Dopo le elezioni, infatti, la DC diede il benservito a Moro, per incaricare Rumor.
Per il resto non cambiò nulla, se non il quadro generale in cui si doveva operare (e dici poco !).
In tempi di emergenza, la DC non era attrezzata ad affrontare i moti di piazza dell’anno successivo e mostrò tutta la debolezza di un partito unito dal potere, ma lacerato da divisioni insanabili tra i cattolici conservatori e quelli che oggi si autodefiniscono “cattolici adulti”, responsabili dell’ingresso al governo dei comunisti.
Per completare il quadro, Presidente della Repubblica era Giuseppe Saragat (famoso per le migliaia di telegrammi spediti e puntualmente letti al telegiornale e per aver istituito, secondo i maligni, l’ “alzabarbera” al Quirinale), premier inglese Harold Wilson, presidente francese Charles De Gaulle, Breznev dittatore sovietico e Papa Paolo VI.
Le elezioni del 1968 portarono anche, nel piccolo mondo delle scuole medie che frequentavo, il vento della politica.
La madre di un mio compagno di classe fu eletta alla camera, nelle liste del pci.
Nessuna posizione di rilievo, era abitudine del pci far eleggere a rotazione propri funzionari in modo che potessero, con una o due legislature, maturare la pensione da parlamentari e quindi lavorare per il partito con meno oneri per lo stesso e più per lo stato (il solito sistema di scaricare sul pubblico vicende private … nulla di nuovo sotto il sole).
Ma a noi ragazzini che avevamo il primo approccio con il mondo “dei grandi” sembrò qualcosa di importante.
E ci dividemmo.
A sinistra i seguaci del figlio della parlamentare comunista, uno dei quali soprannominammo “Mao”, a destra gli altri (ed io fui soprannominato per ripicca “Papadopulos” dal nome del Capo della Giunta Militare che l’anno prima aveva preso il potere in Grecia).
Nel frattempo cominciarono ad arrivare notizie di quel che accadeva in Francia, in Germania e negli Stati Uniti.

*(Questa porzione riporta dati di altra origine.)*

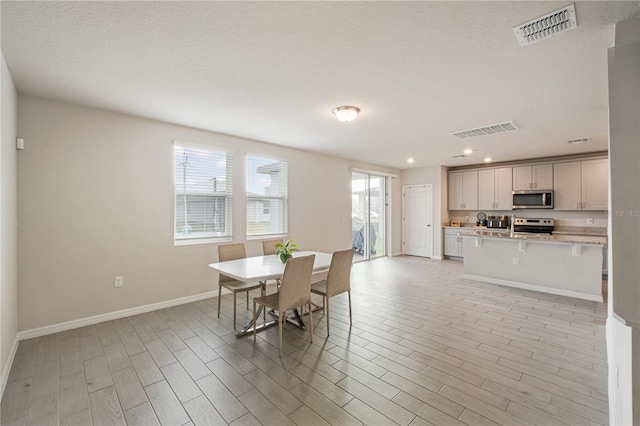 dining space featuring a wealth of natural light, light wood-style flooring, and visible vents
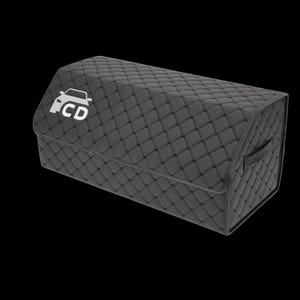 May include: A dark gray, quilted car trunk organizer with a rectangular shape. The organizer features a white car logo with the letters "CD" on the front flap and a handle on the side. The stitching creates a diamond pattern.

Ma, ormai, le vacanze incombevano.
E in pieno periodo di vacanze l'invasione della Cecoslovacchia ad opera delle truppe del Patto di Varsavia, per ricordarci - ma quando le menti sono chiuse anche quel fatto gravissimo passò senza incidere più di tanto - quanto infame sia il comunismo, portatore di miseria, terrore e morte.
A giugno i campionati europei di calcio (vinti, come ho già scritto) e poi le Olimpiadi in Messico ad ottobre.
Il ’68 italiano poteva attendere l’anno successivo per il suo inizio.